Por Latitud Megalópolis/Armando Ríos Ruiz

Hablar no cuesta y dentro de las tantas limitaciones del Presidente, es algo que hace muy mal, pero que no puede impedir. Durante las últimas semanas lo hemos visto en su carpa de palacio tratando de justificar todo lo injustificable y lo único que ha logrado es verter los disparates disponibles en su almacén mental, que lo ponen en entredicho, inclusive fuera de México.

El hacerse siempre la víctima, como en el caso de los señalamientos extra fronteras de recibir dinero del narco para sus campañas, lo llevó a externar un sentimiento que debe tener profundamente arraigado en sus sentimientos: que está por encima de la ley. Aunque no era necesario auto publicitarse. Lo sabemos de sobra porque lo ha exhibido una y otra vez. Como cuando dijo envuelto en su descompuesta figura: “¡no me vengan con que la ley es la ley…”

A qué altura volará su inmenso y alado ego, que dijo sin ninguna reflexión y luego se sostuvo y lo ha reiterado sin compasión, que está por encima de la ley. Que las leyes no se aplican a él. Que la violación de las mismas por su parte es intencional y que no le importan las consecuencias para el ejercicio de los derechos fundamentales de los ciudadanos.

¿Acaso no representan tales palabras la actitud de un enajenado que ha perdido todo contacto con la realidad y que se convirtió en víctima de su gigantesco amor por sí mismo? Recuerda a Luis XIV, rey de Francia y de Navarra, cuando exclamó: El estado soy yo. Por lo menos, se la atribuye la frase para hablar de su intención absolutista en su reinado.

Las palabras del tabasqueño corresponden a un narcisista que se encuadra perfectamente en el llamado síndrome de Hubris, que padecen preferentemente los políticos engreídos y que es opuesto a la sobriedad o a la moderación.

Se define como “un cambio de personalidad no orgánica después de obtener un poder sustancial o alcanzar un éxito abrumador, caracterizado por la aparición o marcado aumento de rasgos patológicos de la personalidad relacionados con desinhibición y conductas disociales”.
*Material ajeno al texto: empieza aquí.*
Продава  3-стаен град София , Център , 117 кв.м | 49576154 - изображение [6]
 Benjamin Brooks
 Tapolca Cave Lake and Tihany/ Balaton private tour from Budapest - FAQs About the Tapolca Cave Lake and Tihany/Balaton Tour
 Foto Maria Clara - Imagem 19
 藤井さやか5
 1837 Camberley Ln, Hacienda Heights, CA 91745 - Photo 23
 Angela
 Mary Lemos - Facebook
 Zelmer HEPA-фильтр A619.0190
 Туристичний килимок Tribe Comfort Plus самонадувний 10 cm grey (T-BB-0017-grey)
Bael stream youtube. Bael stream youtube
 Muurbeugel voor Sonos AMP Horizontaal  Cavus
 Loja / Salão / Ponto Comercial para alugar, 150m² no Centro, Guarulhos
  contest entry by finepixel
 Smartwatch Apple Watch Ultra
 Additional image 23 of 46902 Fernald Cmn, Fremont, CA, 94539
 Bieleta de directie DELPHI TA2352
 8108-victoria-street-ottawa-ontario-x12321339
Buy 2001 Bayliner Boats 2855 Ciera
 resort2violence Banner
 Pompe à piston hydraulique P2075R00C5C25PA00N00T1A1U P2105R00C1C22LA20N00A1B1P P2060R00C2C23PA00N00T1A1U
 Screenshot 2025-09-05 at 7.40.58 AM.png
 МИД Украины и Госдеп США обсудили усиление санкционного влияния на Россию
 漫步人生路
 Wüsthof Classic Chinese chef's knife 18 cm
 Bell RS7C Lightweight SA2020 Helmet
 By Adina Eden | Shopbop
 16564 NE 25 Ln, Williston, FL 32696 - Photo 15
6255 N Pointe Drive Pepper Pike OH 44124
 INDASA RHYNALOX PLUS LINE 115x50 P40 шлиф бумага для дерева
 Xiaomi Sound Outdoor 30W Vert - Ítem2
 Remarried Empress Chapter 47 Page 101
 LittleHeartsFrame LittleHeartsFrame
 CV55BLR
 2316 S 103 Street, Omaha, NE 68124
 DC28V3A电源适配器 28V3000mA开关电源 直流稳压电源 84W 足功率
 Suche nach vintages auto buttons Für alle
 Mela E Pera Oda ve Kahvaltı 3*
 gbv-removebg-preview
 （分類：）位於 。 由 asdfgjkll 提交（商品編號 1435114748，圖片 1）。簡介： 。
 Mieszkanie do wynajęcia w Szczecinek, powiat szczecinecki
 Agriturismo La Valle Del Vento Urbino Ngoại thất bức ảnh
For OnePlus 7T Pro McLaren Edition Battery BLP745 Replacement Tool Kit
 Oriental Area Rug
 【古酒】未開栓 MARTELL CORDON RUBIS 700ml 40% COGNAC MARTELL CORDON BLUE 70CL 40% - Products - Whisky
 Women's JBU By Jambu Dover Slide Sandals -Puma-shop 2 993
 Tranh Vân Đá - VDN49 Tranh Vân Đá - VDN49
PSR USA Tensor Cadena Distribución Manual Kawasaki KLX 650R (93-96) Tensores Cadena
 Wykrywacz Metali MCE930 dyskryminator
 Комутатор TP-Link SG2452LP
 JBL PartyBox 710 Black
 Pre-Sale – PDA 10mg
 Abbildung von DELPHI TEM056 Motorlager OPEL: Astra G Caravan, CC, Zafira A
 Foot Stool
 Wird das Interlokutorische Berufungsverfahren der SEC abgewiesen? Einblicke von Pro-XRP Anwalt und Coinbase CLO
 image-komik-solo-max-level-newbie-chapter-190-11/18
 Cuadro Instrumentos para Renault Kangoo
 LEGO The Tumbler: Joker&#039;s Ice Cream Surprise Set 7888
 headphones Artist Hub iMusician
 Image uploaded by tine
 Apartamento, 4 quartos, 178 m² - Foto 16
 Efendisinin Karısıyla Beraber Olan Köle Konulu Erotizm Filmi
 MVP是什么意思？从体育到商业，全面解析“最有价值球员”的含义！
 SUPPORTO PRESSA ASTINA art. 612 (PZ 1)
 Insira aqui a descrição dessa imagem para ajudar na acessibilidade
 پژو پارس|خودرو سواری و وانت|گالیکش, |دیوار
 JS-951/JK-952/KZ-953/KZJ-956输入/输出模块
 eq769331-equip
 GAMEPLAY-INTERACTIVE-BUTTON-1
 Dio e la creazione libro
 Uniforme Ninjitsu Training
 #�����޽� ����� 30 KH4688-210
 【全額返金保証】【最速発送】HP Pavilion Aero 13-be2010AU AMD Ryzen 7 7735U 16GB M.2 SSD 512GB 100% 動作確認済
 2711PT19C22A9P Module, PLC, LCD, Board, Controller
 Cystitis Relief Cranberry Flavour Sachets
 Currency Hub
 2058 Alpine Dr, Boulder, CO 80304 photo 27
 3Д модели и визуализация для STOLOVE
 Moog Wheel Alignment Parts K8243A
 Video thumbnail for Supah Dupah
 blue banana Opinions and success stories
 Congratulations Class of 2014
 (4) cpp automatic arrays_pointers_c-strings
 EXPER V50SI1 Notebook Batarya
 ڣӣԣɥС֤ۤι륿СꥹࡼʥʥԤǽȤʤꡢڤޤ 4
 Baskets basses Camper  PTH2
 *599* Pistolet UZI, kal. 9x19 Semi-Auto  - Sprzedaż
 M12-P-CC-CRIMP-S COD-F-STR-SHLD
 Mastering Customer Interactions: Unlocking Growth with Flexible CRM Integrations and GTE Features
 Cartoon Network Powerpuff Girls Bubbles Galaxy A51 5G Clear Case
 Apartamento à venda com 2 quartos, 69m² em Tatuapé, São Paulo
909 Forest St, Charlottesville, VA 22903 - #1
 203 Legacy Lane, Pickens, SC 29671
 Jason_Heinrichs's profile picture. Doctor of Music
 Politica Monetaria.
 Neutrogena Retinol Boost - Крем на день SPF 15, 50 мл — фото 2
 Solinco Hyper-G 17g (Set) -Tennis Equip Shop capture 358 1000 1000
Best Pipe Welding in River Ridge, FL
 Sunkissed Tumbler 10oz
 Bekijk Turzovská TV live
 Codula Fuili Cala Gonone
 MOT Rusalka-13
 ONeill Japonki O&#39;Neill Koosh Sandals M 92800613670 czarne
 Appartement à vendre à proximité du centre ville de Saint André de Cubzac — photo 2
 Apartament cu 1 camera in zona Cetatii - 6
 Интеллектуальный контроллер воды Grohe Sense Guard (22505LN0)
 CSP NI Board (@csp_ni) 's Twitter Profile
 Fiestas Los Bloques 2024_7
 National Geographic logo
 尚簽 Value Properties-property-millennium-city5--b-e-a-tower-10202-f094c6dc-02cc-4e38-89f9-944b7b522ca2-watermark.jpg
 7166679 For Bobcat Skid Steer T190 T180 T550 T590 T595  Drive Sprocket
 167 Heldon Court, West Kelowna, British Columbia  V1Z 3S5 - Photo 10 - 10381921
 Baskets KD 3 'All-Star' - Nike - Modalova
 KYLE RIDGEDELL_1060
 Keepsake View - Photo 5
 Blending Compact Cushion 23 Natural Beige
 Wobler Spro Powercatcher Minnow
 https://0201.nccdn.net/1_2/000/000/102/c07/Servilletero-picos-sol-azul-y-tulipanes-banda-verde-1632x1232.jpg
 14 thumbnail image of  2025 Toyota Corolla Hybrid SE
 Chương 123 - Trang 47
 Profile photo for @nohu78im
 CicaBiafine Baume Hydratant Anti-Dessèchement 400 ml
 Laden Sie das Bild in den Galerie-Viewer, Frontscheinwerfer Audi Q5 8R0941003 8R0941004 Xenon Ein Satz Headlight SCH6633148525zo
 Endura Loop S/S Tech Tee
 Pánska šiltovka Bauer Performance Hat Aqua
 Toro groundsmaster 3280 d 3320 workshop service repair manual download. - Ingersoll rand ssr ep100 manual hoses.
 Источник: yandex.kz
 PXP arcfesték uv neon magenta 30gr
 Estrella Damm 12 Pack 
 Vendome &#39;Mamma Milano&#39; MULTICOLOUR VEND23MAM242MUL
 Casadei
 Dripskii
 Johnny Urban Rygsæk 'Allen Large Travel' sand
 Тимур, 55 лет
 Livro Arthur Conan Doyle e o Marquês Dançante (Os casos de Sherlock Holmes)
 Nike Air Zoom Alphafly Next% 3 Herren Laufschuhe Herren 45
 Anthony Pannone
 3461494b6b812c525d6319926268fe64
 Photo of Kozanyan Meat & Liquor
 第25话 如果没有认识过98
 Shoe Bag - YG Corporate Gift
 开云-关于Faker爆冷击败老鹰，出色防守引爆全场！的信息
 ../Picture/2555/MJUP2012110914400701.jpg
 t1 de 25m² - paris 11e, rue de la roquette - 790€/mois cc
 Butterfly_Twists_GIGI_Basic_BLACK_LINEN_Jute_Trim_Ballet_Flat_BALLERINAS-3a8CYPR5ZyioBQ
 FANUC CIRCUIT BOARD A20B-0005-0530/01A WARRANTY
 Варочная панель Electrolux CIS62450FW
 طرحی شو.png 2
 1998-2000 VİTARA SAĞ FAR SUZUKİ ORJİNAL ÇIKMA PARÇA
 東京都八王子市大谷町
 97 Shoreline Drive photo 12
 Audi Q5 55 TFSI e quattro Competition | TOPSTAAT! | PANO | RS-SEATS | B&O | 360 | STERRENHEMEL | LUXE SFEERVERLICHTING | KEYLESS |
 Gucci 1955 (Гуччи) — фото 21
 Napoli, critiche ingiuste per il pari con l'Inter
Desde su arribo a la Presidencia se mostró proclive a las lisonjas. A aceptar las adulaciones y al rechazo rotundo a los señalamientos en su contra. Por eso su obsesivo comportamiento con la Prensa, cuyo quehacer es publicar los errores de los políticos y otros aspectos del quehacer diario, para motivar la corrección.

Ahora resulta que la campaña en su contra de narco presidente, que por cierto es tendencia en las redes sociales, desde su aparición hace casi un mes y que amenaza con prolongarse, lo hizo muy famoso, aunque según él, jamás soñó esta fama que debería avergonzarlo, pero lejos de eso lo muestra ufano y hasta lo presume para dar la impresión de que está limpio, cuando los indicios muestran lo contrario. Lo celebra porque “otra vez, estamos subiendo” (tal vez se refirió a las encuestas presidenciales en las que se incluyó sin razonarlo).

Y efectivamente, ha subido, pero en la descalificación de mexicanos y en muchos países del mundo, reflejada en más de 170 millones de menciones de la frase que le ha hecho “lo que el viento a Juárez,” como él mismo señaló. Su enajenación lo lleva pues, a apreciar sus errores como virtudes.

Es ciertamente famoso, como menciona, pero desafortunadamente no como un estadista de grandes alcances intelectuales o un Presidente preocupado por sus gobernados, sino por crear un ambiente de hostilidad para unos y de engaños para otros, en el que sobresale de manera peligrosa la división marcada de clases sociales, la destrucción de instituciones y la violación de las leyes.

En esta mañanera dio consejos a quienes aspiran a algún cargo de elección popular, sobre cómo hacer campañas. En realidad, es él mismo quien los necesita, por lo menos para dejar de ofrecer una personalidad tan burda y desgarbada. Para ser menos engreído y mucho, pero mucho menos mentiroso.

Pero no hay remedio. Su endiosamiento es descomunal y sus sentimientos no responden a la cordura más elemental, que cada día se ve más diezmada.